* Your assignment *
Repeat the data exactly. Pictures stay out.

* Source data *
------------------------------------------------
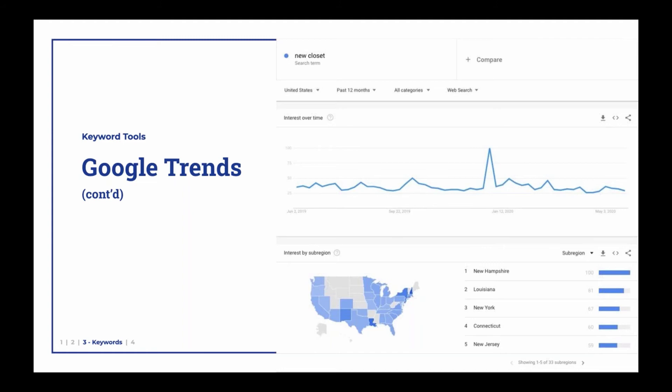And this is something that we found with one of our companies that does custom closets. When we were listening into the recorded phone calls from all of the Google AdWords phone calls that they got, we noticed that people were using the term new closet a lot. They would say, I'm looking for a new closet, I want to get a new closet. That was not a term we had ever optimized for. So we went to Google Trends to find out, do people actually search for this? And if you look down at the bottom at the map, you can see that Louisiana is the second darkest blue on there, and Louisiana is the second state for the search new closet.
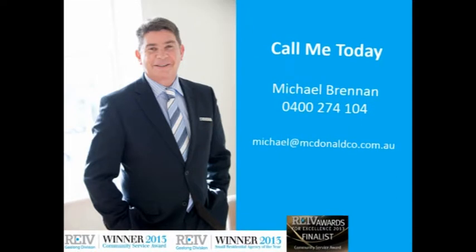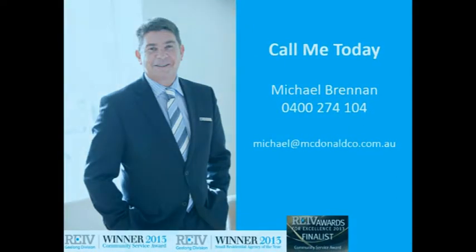If you have any queries, please call Michael at 8400 274 100.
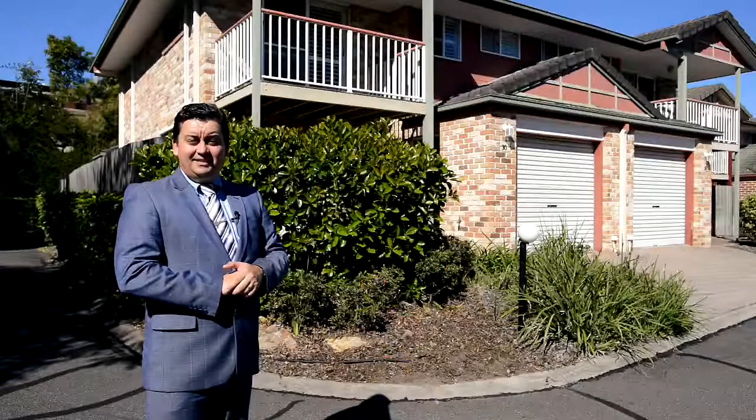Hi, Sam Skinner from Matt Realty, Maruka. Welcome to number 85 Muriel Avenue.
------------------------------------------------
* Output of the exercise *
And this is something that we found with one of our companies that does custom closets. When we were listening into the recorded phone calls from all of the Google AdWords phone calls that they got, we noticed that people were using the term new closet a lot. They would say, I'm looking for a new closet, I want to get a new closet. That was not a term we had ever optimized for. So we went to Google Trends to find out, do people actually search for this? And if you look down at the bottom at the map, you can see that Louisiana is the second darkest blue on there, and Louisiana is the second state for the search new closet.
If you have any queries, please call Michael at 8400 274 100.
Hi, Sam Skinner from Matt Realty, Maruka. Welcome to number 85 Muriel Avenue.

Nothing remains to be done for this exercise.